The Adenaline Marathon on the Eisenbahn Trail in West Bend is set for Sunday, less than a week after bombs went off in a crowd at the Boston Marathon, killing three people and wounding more than 170.
Organizer Mary Simon said she's been in touch with local law enforcement and plans to increase security at the start and finish lines, which are at the same location, and increase bag checks. They also plan to be more vigilant along isolated parts of the route, she said.
The marathon and other weekend races attract about 275 people, and Simon said about 20 people had registered Monday and Tuesday since the bombings.
"I was pleased to see that people were continuing to register and this didn't deter people from participating in the event," she said.
One was Amy Kaftan, 49, who registered Tuesday for the half marathon. She said she never had a second thought about participating.
"Running people are a really unique group of people," she said. "If anything I think it will get people more motivated."
Sean Ryan, race director for the Cellcom Green Bay Marathon, plans to meet with his public safety committee Wednesday to talk about changes.

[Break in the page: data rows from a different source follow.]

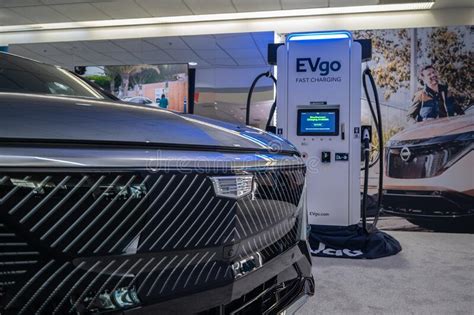 Vinfast Vf On Display During La Auto Show At Los Angeles Convention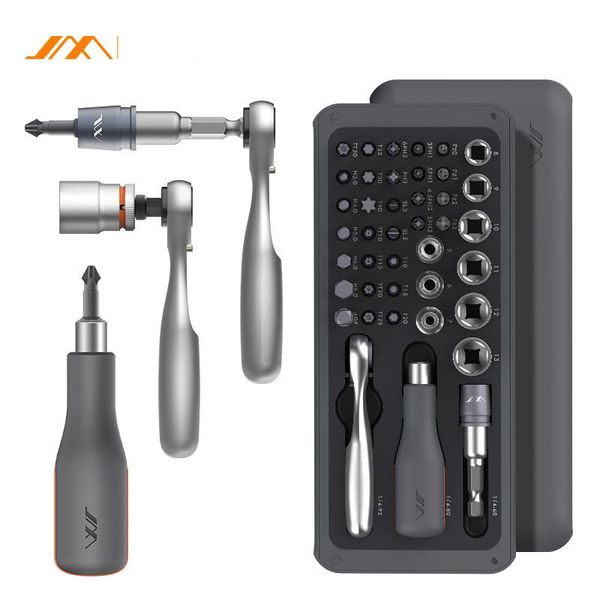 jimi 41 in 1 screwdriver s2 magnetic bits ratchet wrench screwdrivers kit diy household repair tool
jimi 41 in 1 screwdriver s2 magnetic bits ratchet wrench screwdrivers kit diy household repair tool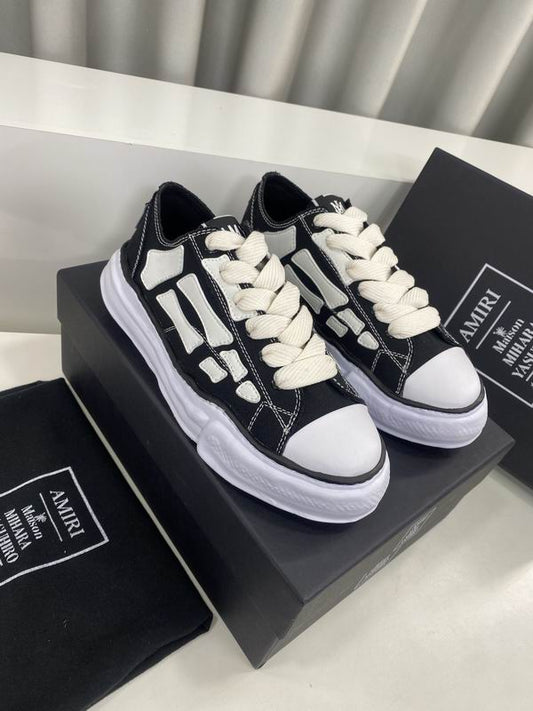 AMIRI x Maison Mihara Yasuhiro MMY Bones Sneakers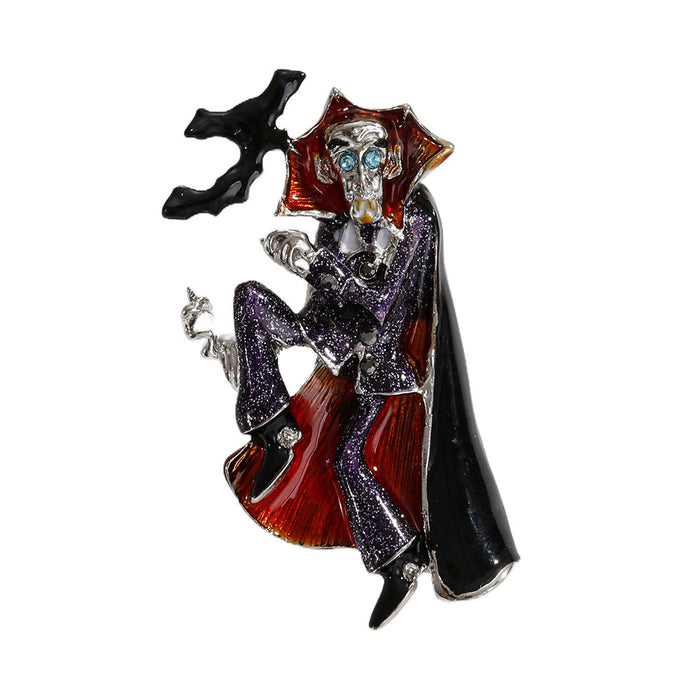 Wholesale Magician brooch clothing accessories collar suit accessories pin clown corsage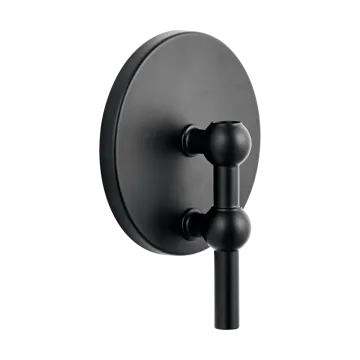 STOFF Nagel ウォールキャンドルホルダー - Matte Black - STOFF Nagel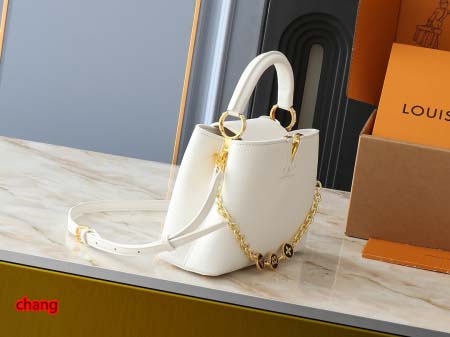 2025年3月16日 ルイヴィトン新品  M00014 M00013 M00015  Capucines ：Taurillon   Monogram 27 x 17.3 x 9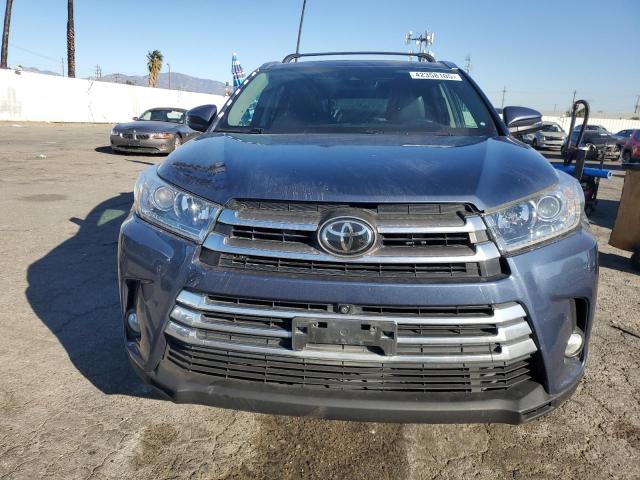 Photo 5 from auction – 2017 TOYOTA HIGHLANDER with VIN 5TDDZRFH4HS357280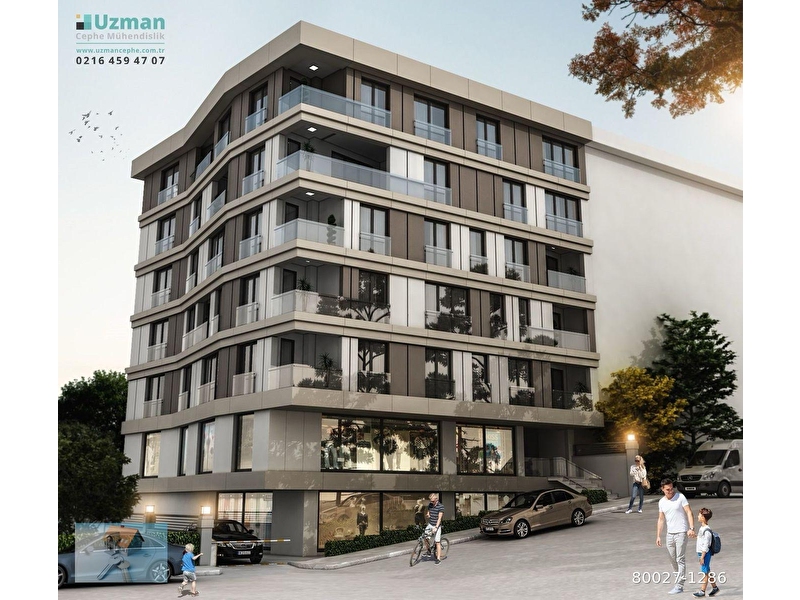Ti̇amo'dan darphanede projeden (topraktan) 1+1 2+1 3+1 her kattan her cepheden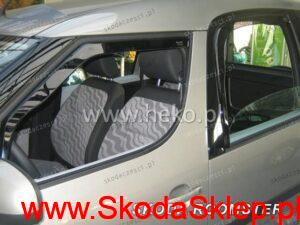 Owiewki Skoda Roomster przód i tył - Heko 28320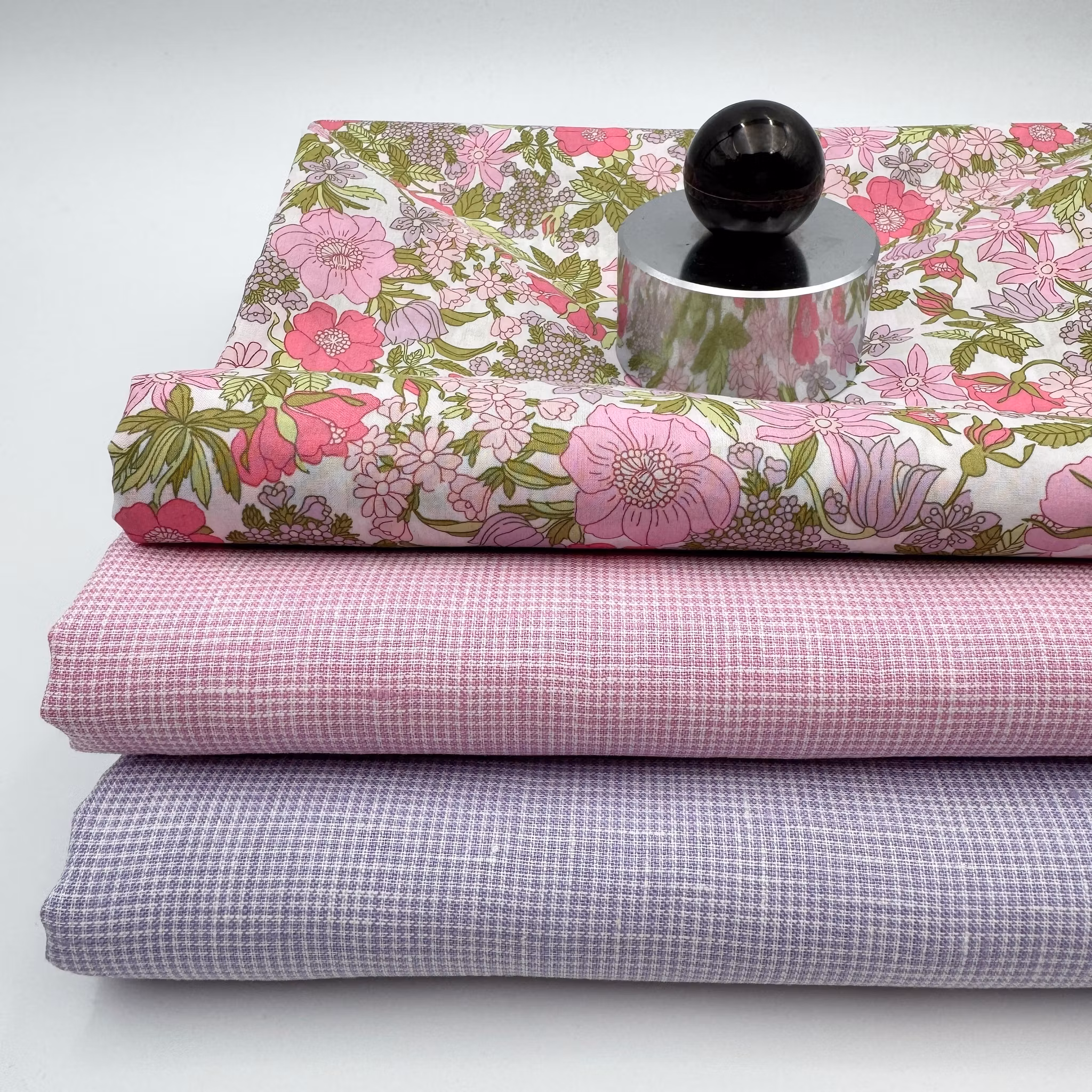 1,4m Lin minihundtand rosa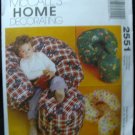 MCCALLS 2551 SEWING PATTERN CHAIR & OTTOMAN FOR HOME DECORATING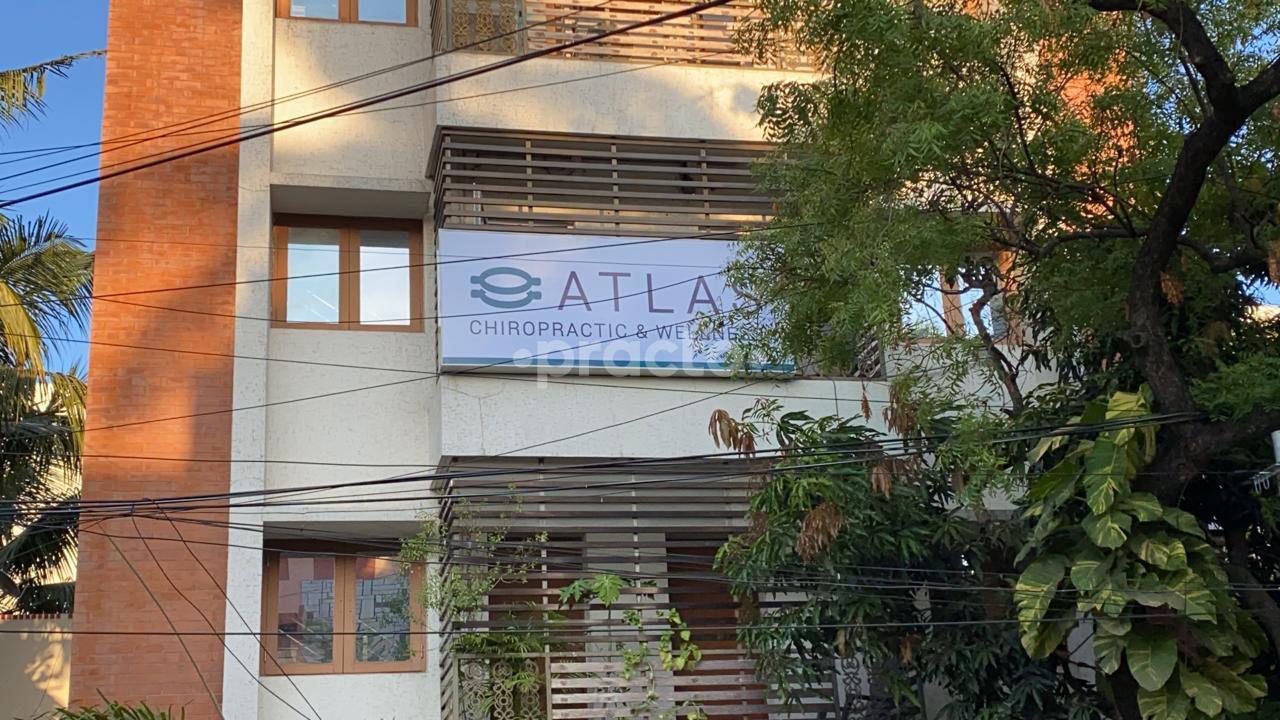 Outside Area at Atlas Chiropractic & Wellness Teynampet Chennai
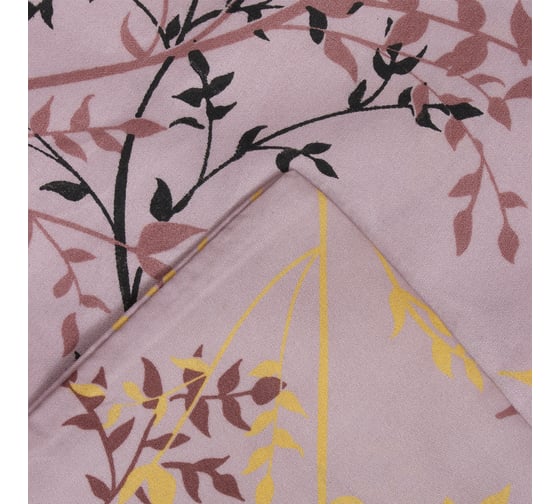 Комплект постельного белья Экономь и Я 1.5 спальный Soft 147х215 см, 150х215 см, 50х70 см, 1 шт, полисатин, 80 г/кв.м 10624067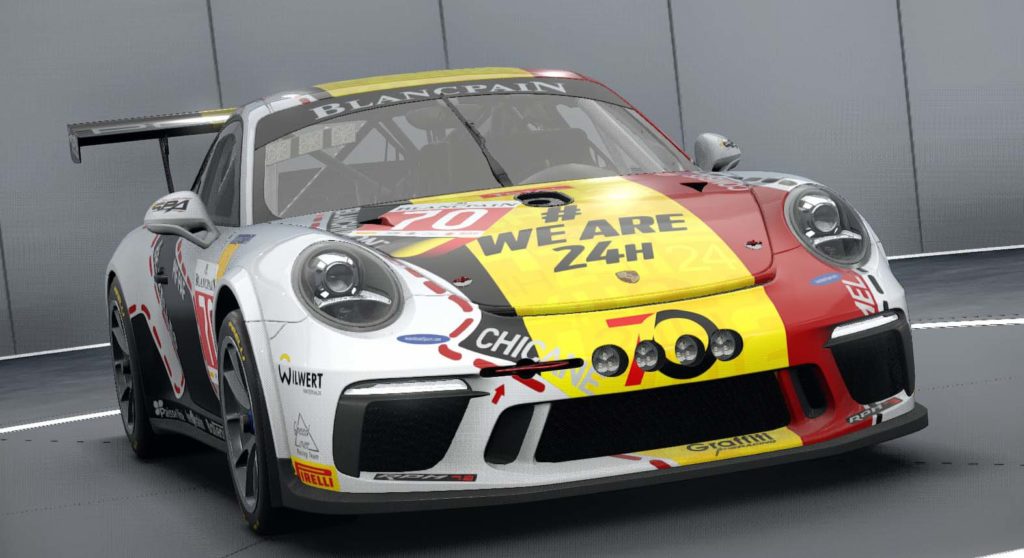 Porsche GT3 Cup – ACC – Blog
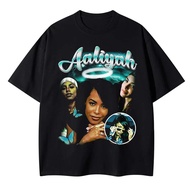 T-SHIRT MEN'S DISTRO AALIYAH STREETWEAR VINTAGE T-SHIRT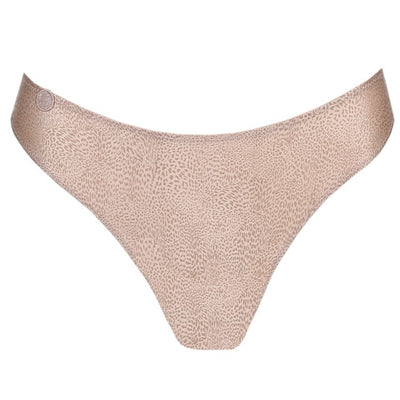 Marie Jo Tom Thong in Patine 0620820-Panties-Marie Jo-Patine-XSmall-Anna Bella Fine Lingerie, Reveal Your Most Gorgeous Self!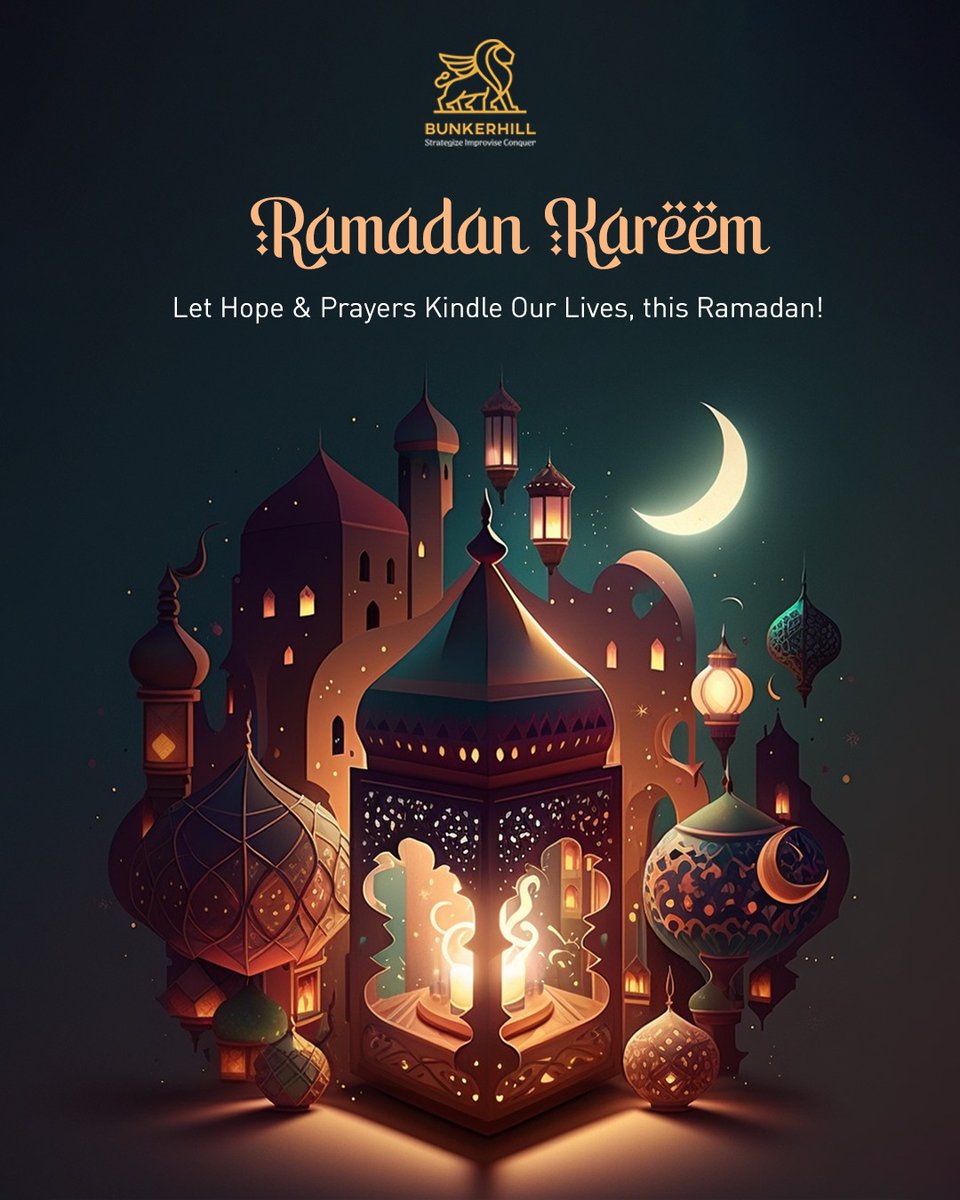 BunkerhillOffi1's tweet photo. Let Hope &amp; Prayers Kindle Our Lives, this Ramadan! 🌙

#Ramadan #RamadanKareem #RamzanMubarak2023 https://t.co/8G2UTahv8w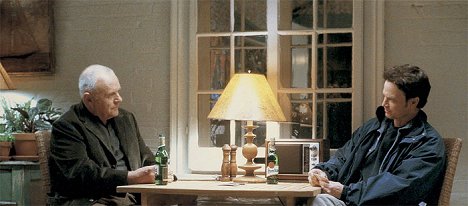 Anthony Hopkins, Gary Sinise - Lidská skvrna - Z filmu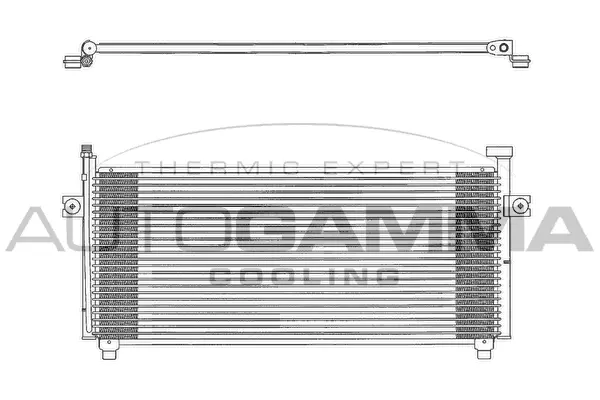 Condenser, air conditioning (102721)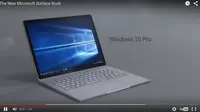 Microsoft Surface Book. Foto: YouTube/Surface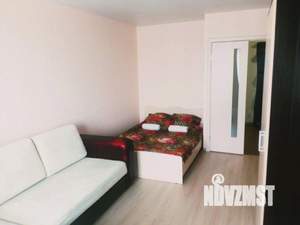 1-к квартира, посуточно, 40м2, 1/1 этаж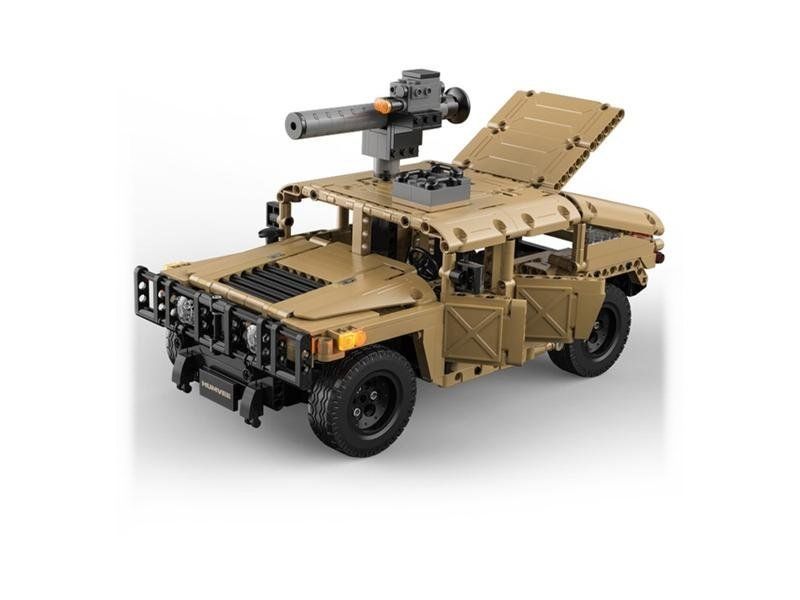 Радиоуправляемый конструктор CaDA автомобиль HumVee (628 деталей) — изображение 3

He said they likely will concentrate on the areas where most people will congregate.
"The challenge we face is we are not controlling an arena or stadium," he said. "It's 50 feet wide and 26.2 miles long. It's not economically feasible to say we will beef up security for all that."
He doesn't expect the bombings will affect next month's participation, which typically is about 7,500 people.
Sue Emmerich, president of the Medford Area Chamber of Commerce, which is organizing the Pine Line Marathon in Medford, said the may not be in a big metropolitan area and may only attract about 300 runners, but officials still are taking precautions.
"We are always concerned for the safety of our runners," she said.
There will be increased security along the route and the start and finish April 27 and there will be more bag checks, she said. Besides on-duty law enforcement, they've also had people volunteer to be on the look-out along the route.
"I think you have to think outside the box," she said.
The Lakefront Marathon in Milwaukee, which attracts about 3,100 runners, isn't until Oct. 6 but spokesman Matt Braun said organizers will review their crisis plans, discuss the matter with local law enforcement along the route, look at upgrading security at the start and finish lines and consider increased bag checks.